# BFD output hum -not ground loop associated



## Guest (Feb 20, 2007)

I added a BFD 1124P to my system in October. After following the forum threads I decided to play with my settings. I verified and eliminated my ground loop hum with a cheater plug. Temporary fix, I know. Ran REW, found my peaks and assigned filters. I input my filter values into the BFD manually. As I set my last filter, my sub started to hum. The hum is heard only in either of the two BFD output modes. If I set the IN/OUT swith to BYPASS mode (monitoring the input level) the hum goes away. With all equipment powered down with the exception of the BFD and sub, the hum is present. I leave the BFD on 24/7. The hum is still present the following day. So it appears the BFD is the source of the hum. This weekend I powered down the system with the exception of the BFD and my sub. I picked up a DVD which was propped against the BFD. Suddenly the sub started to hiss and crackle. I looked at the BFD and the LED's for both channels were completely lit up. Powered the BFD and sub down and back up and all was back to "normal". As I am in the desert and it is very dry here, could I have zapped something in the BFD with static electricity and caused damage resulting in this hum? I have have not seen any threads describing this type of BFD behaviour. Any insight would be greatly appreciated.

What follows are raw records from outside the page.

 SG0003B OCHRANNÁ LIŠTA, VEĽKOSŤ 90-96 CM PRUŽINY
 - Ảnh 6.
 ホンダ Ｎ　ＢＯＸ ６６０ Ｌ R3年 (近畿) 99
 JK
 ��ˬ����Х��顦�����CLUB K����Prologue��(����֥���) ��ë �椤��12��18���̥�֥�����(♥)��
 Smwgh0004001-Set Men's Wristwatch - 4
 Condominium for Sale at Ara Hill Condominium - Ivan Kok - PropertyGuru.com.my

On a seperate BFD topic, I am considering adding the Hsu MBM-12 mid-bass unit. My sub would then cover the 50hz and below range and the MBM-12 would cover the 50hz-80hz range. Is it better to split the LFE channel before the BFD input, utilizing one channel for each unit or to use one input channel and split the BFD output?
Thanks,
Scott


----------



## bobgpsr (Apr 20, 2006)

It could be a component in the BFD internal power supply that is failing. An electrolytic capacitor leaked and has dried out. Part of a full wave bridge rectifier failed, etc. Caps are always the most likely thing to fail nowadays. The lower than normal and noisier resultant internal voltage could make the rest of the BFD act flakey.


----------